Python Script
1) to convert .txt files to .csv files
2) Remove header lines starting with %
3) Remove unneccesary columns
4) Save all files in .csv format


In [None]:
import os
import pandas as pd

# Function to remove specified columns from a DataFrame
def remove_columns(data, columns_to_remove):
    data_modified = data.drop(columns=columns_to_remove, errors='ignore')
    return data_modified

# Function to remove header lines from a file
def remove_header(file_path):
    with open(file_path, 'r') as file:
        lines = file.readlines()
    lines = [line for line in lines if not line.startswith('%')]
    return lines

# Function to convert text files to CSV
def convert_to_csv(input_directory, output_directory):
    # Ensure the output directory exists
    if not os.path.exists(output_directory):
        os.makedirs(output_directory)

    # Loop through each text file in the input directory
    for filename in os.listdir(input_directory):
        if filename.endswith(".txt"):
            txt_file_path = os.path.join(input_directory, filename)
            csv_file_path = os.path.join(output_directory, filename[:-4] + ".csv")
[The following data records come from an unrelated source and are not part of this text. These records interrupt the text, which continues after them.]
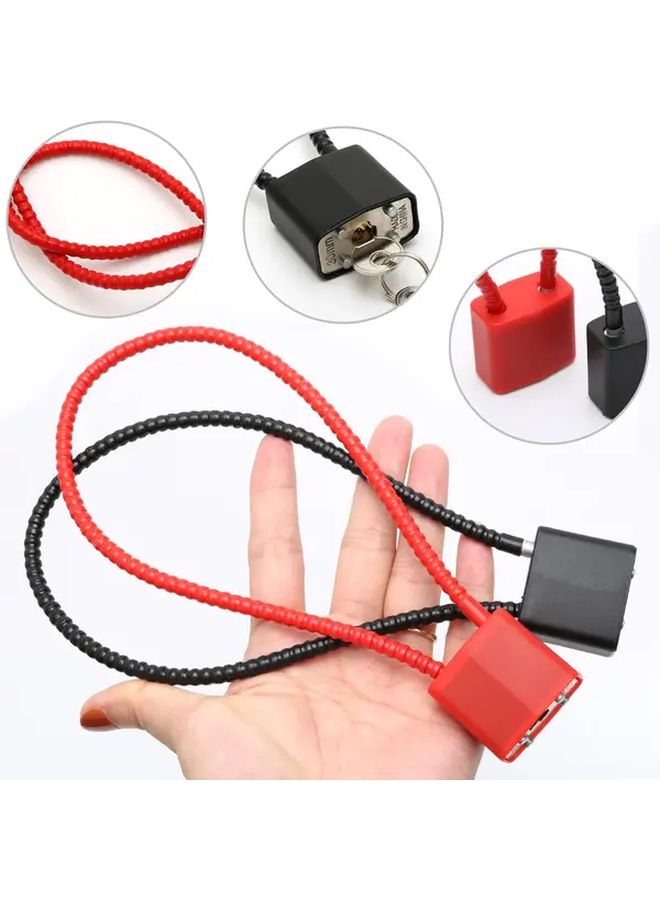Red 3 3 Inch Keyed Alike Steel Cable Padlock Flexible Anti Theft Lock for Bicycles Gates - Image 2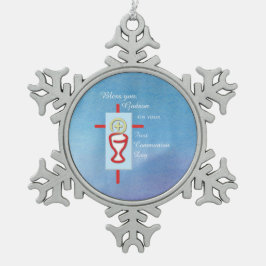 Godson, Erste Heilige Kommunion, Blau Schneeflocken Zinn-Ornament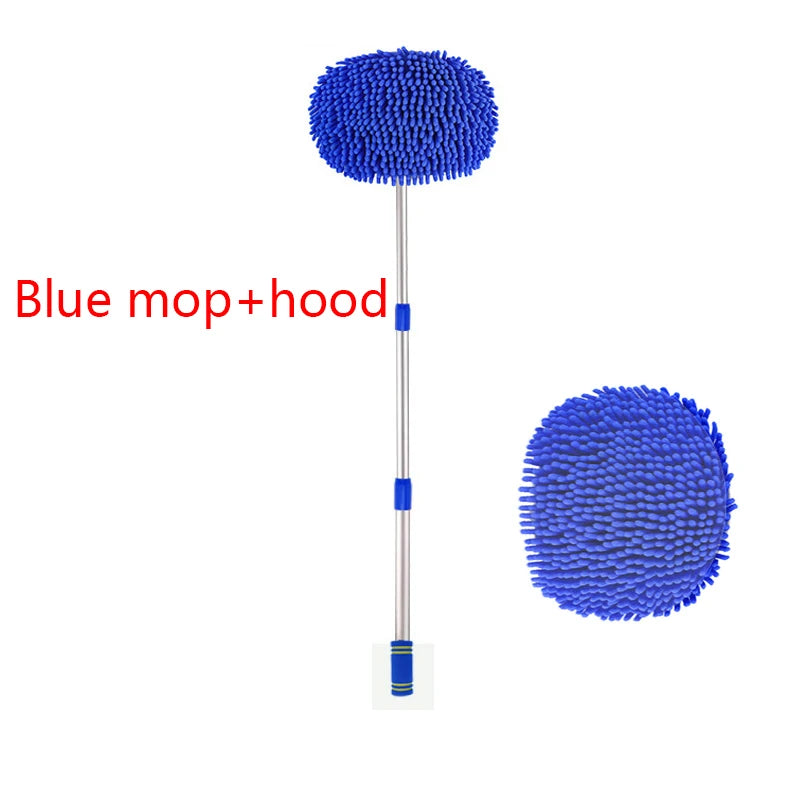 Car Washing Mop Cleaning Brush Telescopic Long Handle Cleaning Mop Chenille Broom Care Detailing Mop Brush Car Cleaning Tools
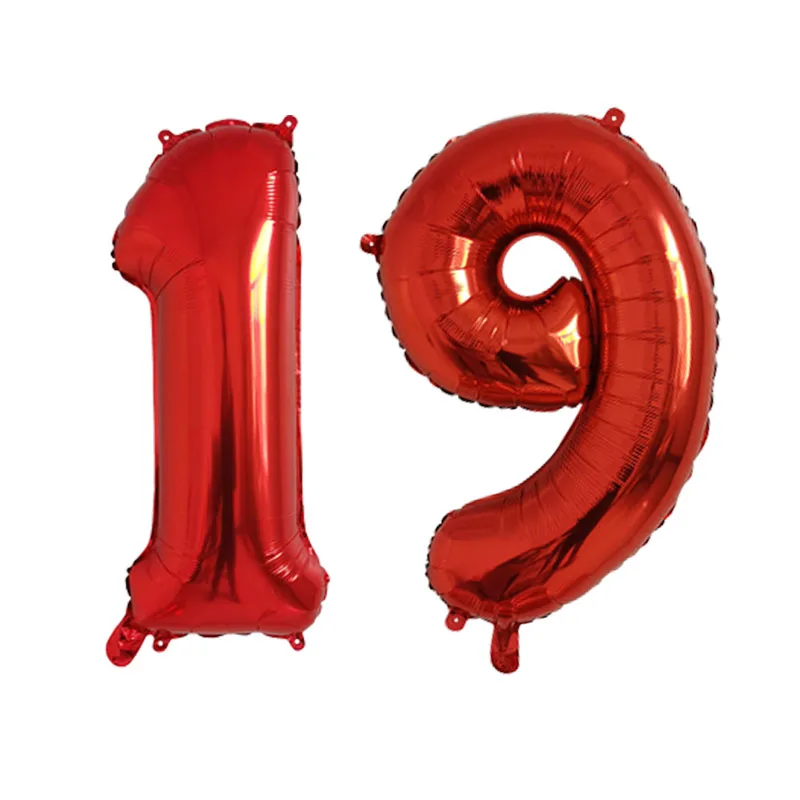 thumbnail image 1 of 2 globos de helio de 32 pulgadas, dorados, plateados, negros, azules y rojos, con números 16, 17, 18, 19, 20 y 21, suministros de decoración para fiestas de feliz cumpleaños, 1 of 5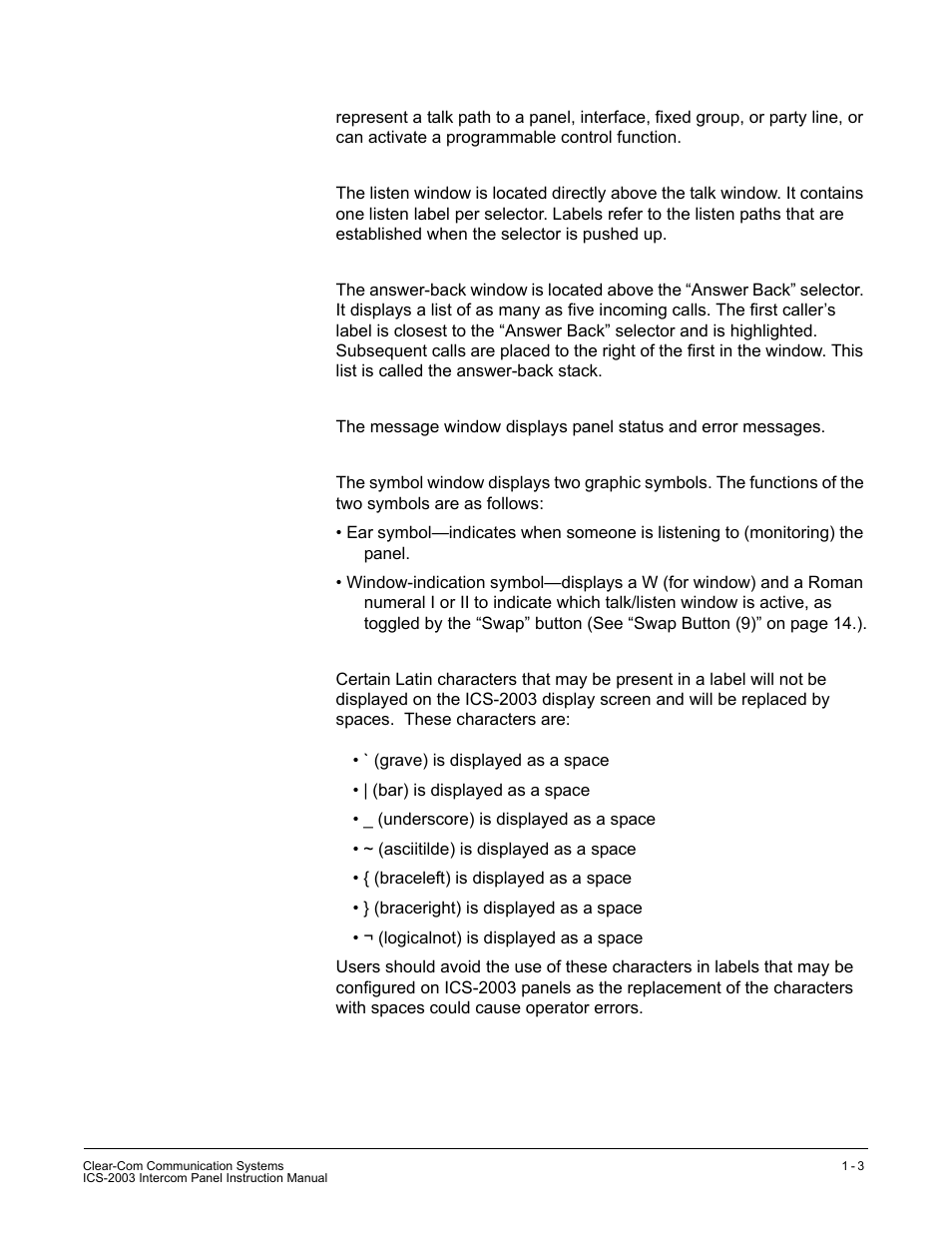 Listen window, Answer-back window, Message window | Symbol window, Non-displaying characters | Clear-Com ICS-2003 User Manual | Page 11 / 97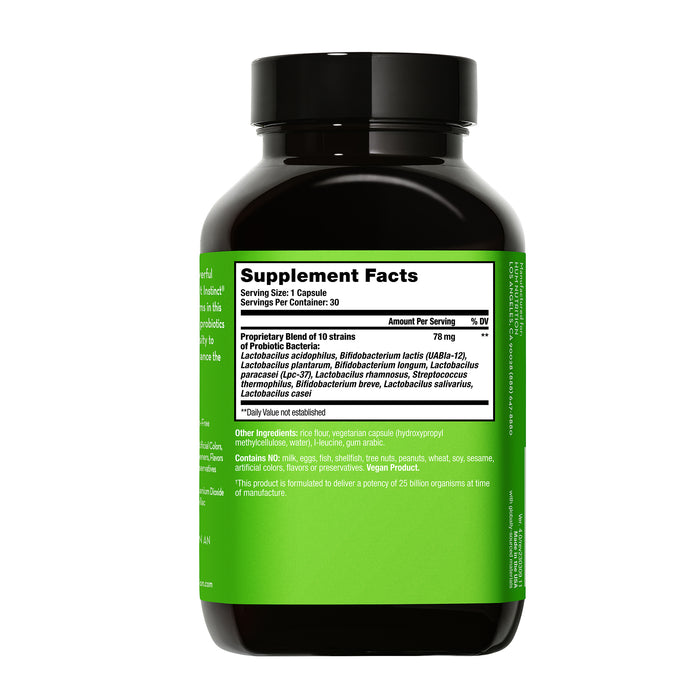 The Gut Instinct Probiotics by HUM Nutrition features a black bottle with a green label, detailing a proprietary 10-strain probiotic blend for digestive health, with each 70 mg serving contained in one capsule. There are 30 servings per container, promoting a gut microbiome-friendly regimen.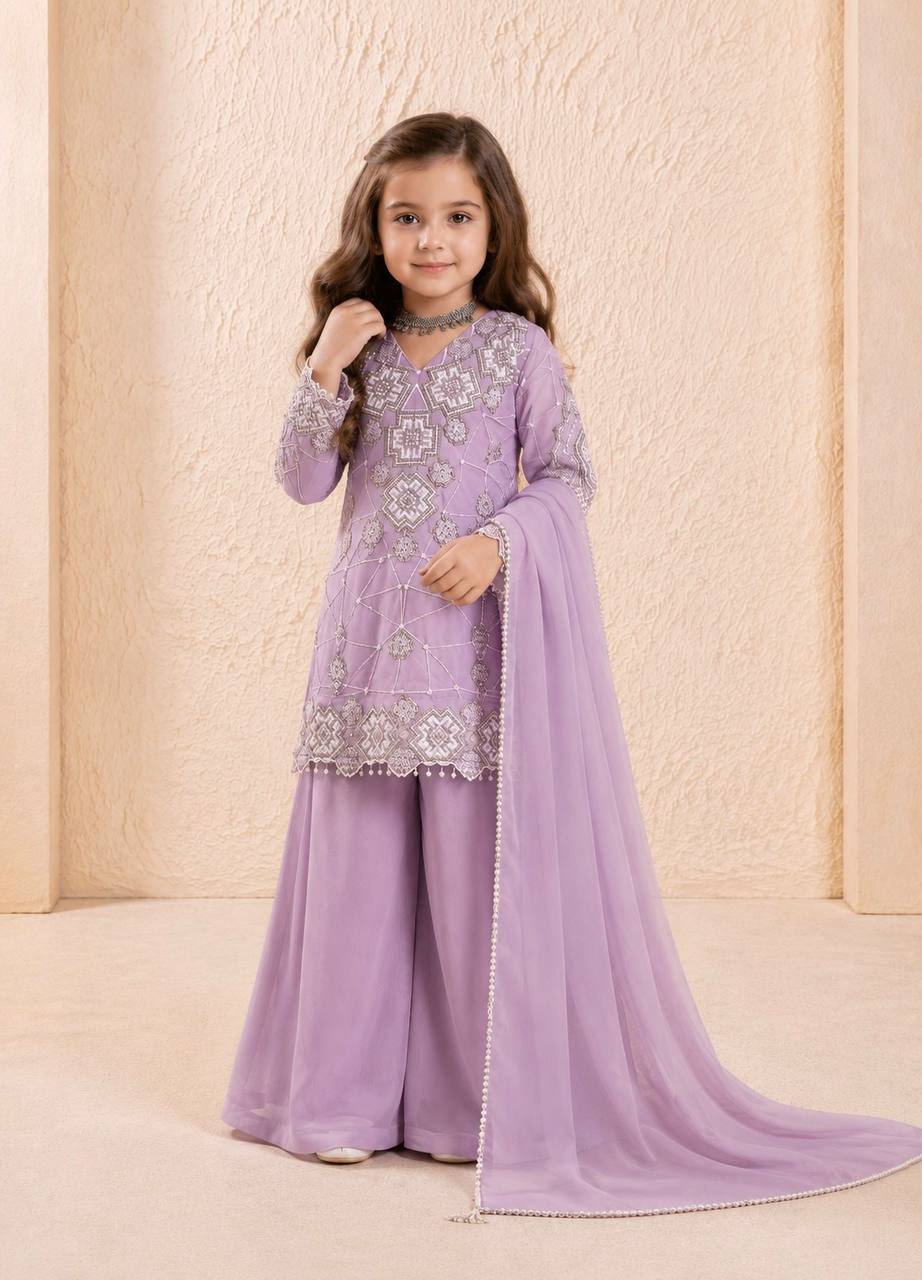 Fox Georgette Embroidered Palazzo Suit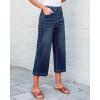 image:imageGRAPENT Capri Jeans for Women Wide Leg High Waisted Effortless Flow Pull On Stretchy Denim Elastic Waist Pants with PocketsNightfall Dark Wash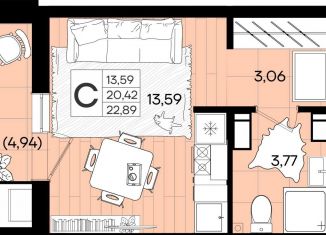 Продам квартиру студию, 22.9 м2, Краснодар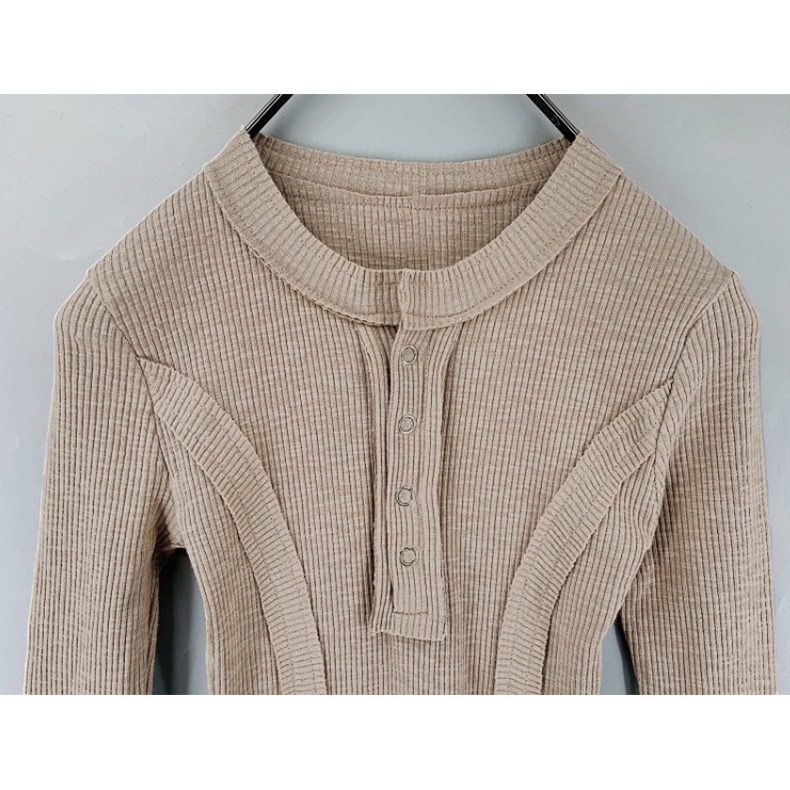 Áo Thun Cotton Tay Dài Dáng Ngắn Hở Cổ Quyến Rũ Cho Nữ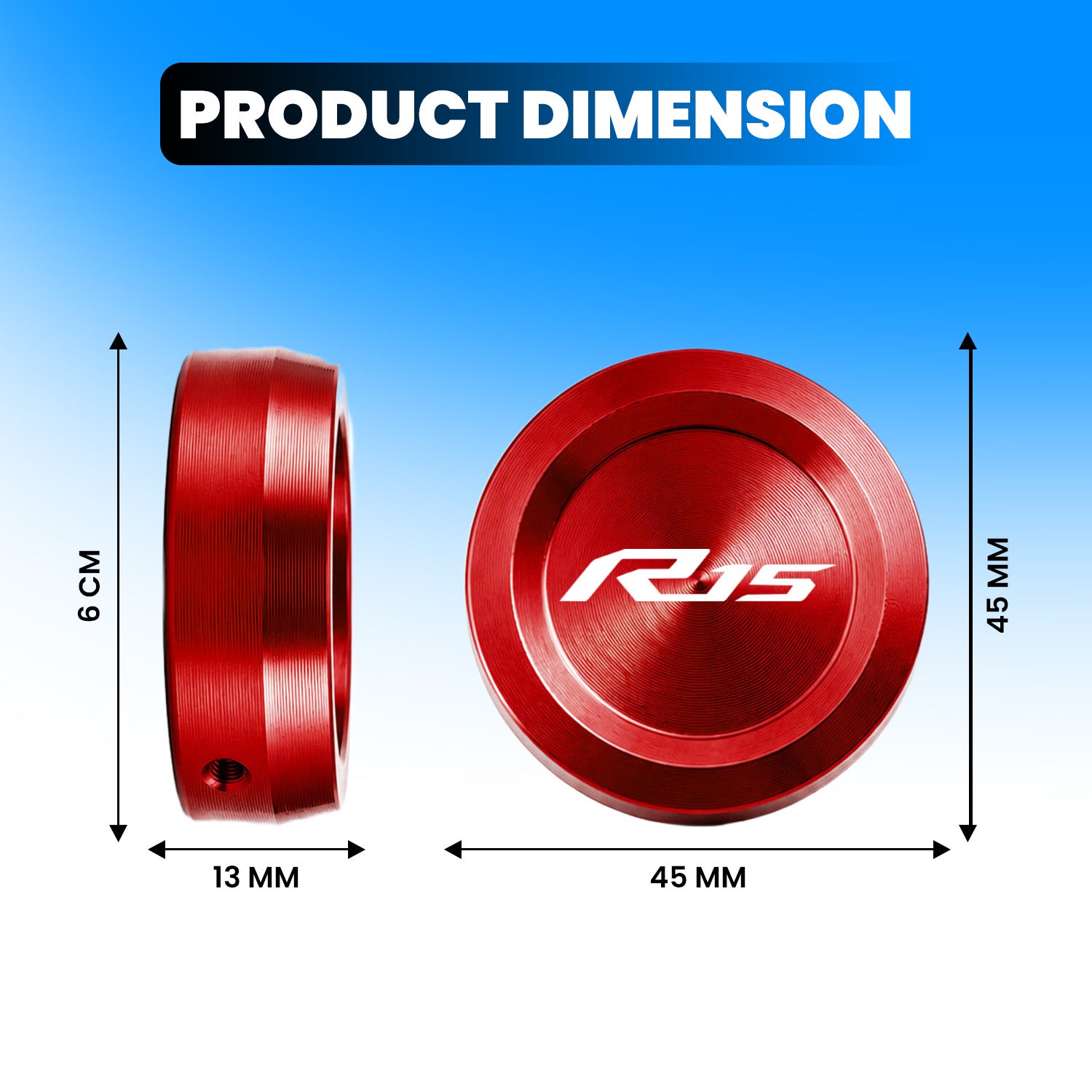 Front Fork Cap Cover for Yamaha R15 V4 / R15 V3 – Premium Anodized CNC MADE Front Shocker Top Fork Cover (Pair)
            # Remove header lines
            lines = remove_header(txt_file_path)

            # Save as CSV
            with open(csv_file_path, 'w', newline='') as csv_file:
                csv_file.write(''.join(lines))

            print(f"Converted '{filename}' to CSV.")

# Specify the directories
input_txt_directory = 'Marathi Trial-1 (76-100 words)'
converted_csv_directory = 'converted_csv_files' #csv files will be created here automatically
# After csv files are created, then only files will be saved in output_csv_directory
output_csv_directory = 'Marathi Trial-1 (76-100 words) CSV Files'  #create this directory first and then write it here

# Columns to remove from each DataFrame
columns_to_remove = [' Accel Channel 0', ' Accel Channel 1',
                     ' Accel Channel 2', ' Other', ' Other.1', ' Other.2',
                     ' Other.3', ' Other.4', ' Other.5', ' Other.6',
                     ' Analog Channel 0', ' Analog Channel 1', ' Analog Channel 2',
                     ' Timestamp', ' Other.7', ' Timestamp (Formatted)']

try:
    # Convert text files to CSV
    convert_to_csv(input_txt_directory, converted_csv_directory)

    # Loop through each CSV file in the converted directory
    for filename in os.listdir(converted_csv_directory):
        if filename.endswith(".csv"):
            csv_file_path = os.path.join(converted_csv_directory, filename)

            # Read CSV file into a pandas DataFrame skipping header lines
            data = pd.read_csv(csv_file_path)

            # Remove specified columns
            data_modified = remove_columns(data, columns_to_remove)

            # Save the modified DataFrame to a new CSV file
            output_csv_path = os.path.join(output_csv_directory, f"modified_{filename}")
            data_modified.to_csv(output_csv_path, index=False)

            print(f"Modified data saved to '{output_csv_path}'.")

except FileNotFoundError:
    print(f"Error: Input directory '{input_txt_directory}' not found.")
except pd.errors.EmptyDataError:
    print(f"Error: No CSV files found in '{converted_csv_directory}'.")
except Exception as e:
    print(f"An error occurred: {e}")